* Data excerpts
==============================

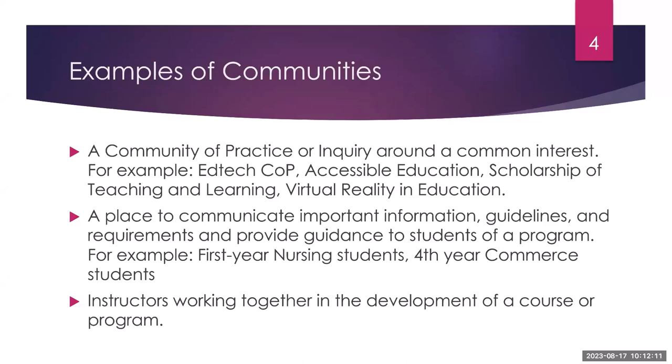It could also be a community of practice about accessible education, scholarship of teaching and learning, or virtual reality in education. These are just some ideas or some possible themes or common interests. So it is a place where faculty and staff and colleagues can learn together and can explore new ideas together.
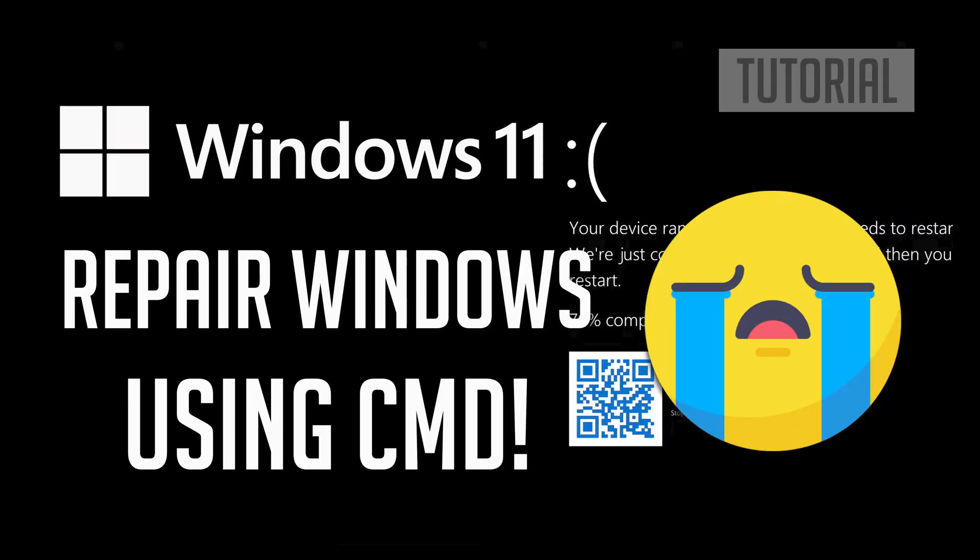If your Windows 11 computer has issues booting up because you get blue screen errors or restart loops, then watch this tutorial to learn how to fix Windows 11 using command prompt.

==============================

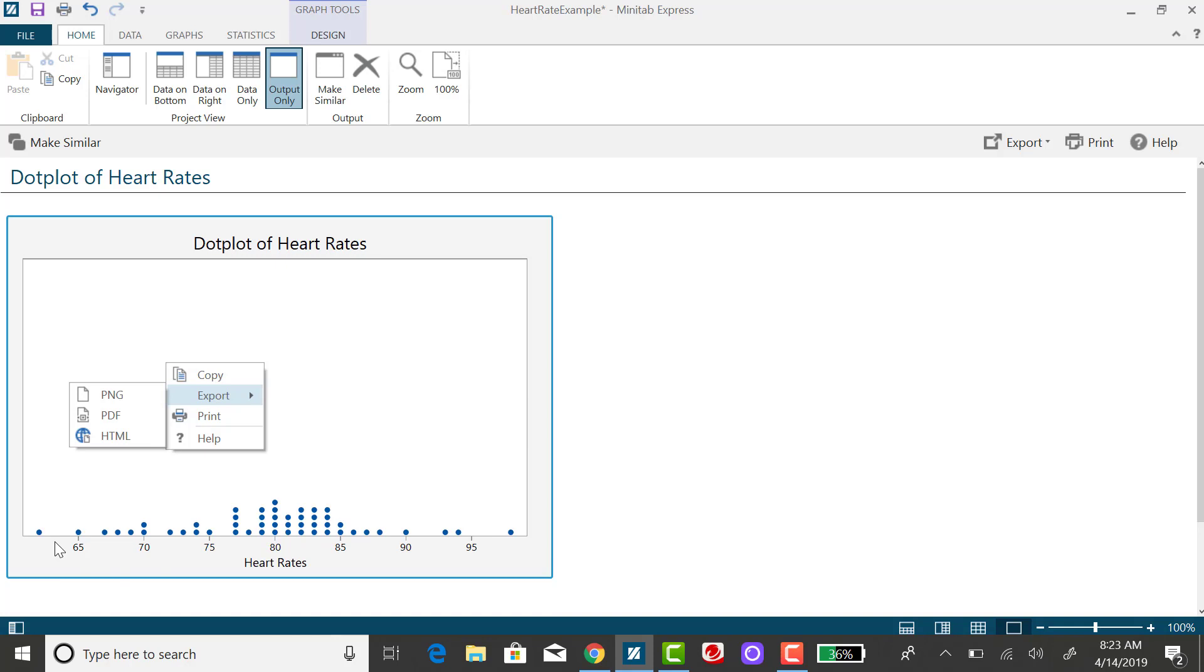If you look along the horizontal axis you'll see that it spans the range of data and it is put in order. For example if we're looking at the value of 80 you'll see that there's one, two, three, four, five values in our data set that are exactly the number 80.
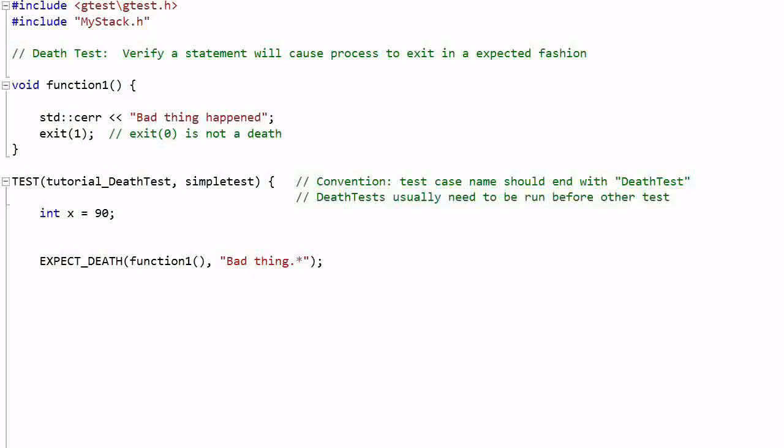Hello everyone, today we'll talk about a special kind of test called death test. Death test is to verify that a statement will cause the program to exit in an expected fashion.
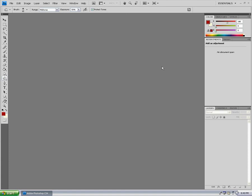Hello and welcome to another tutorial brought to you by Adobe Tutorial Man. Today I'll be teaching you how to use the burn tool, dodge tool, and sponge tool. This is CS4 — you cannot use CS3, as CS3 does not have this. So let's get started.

==============================

Look through the listing above for the line with "Hello everyone, today" and the line with "Hello and welcome". Write out exactly those lines and everything between, leaving out pictures.

* Your solution
Hello everyone, today we'll talk about a special kind of test called death test. Death test is to verify that a statement will cause the program to exit in an expected fashion.
Hello and welcome to another tutorial brought to you by Adobe Tutorial Man. Today I'll be teaching you how to use the burn tool, dodge tool, and sponge tool. This is CS4 — you cannot use CS3, as CS3 does not have this. So let's get started.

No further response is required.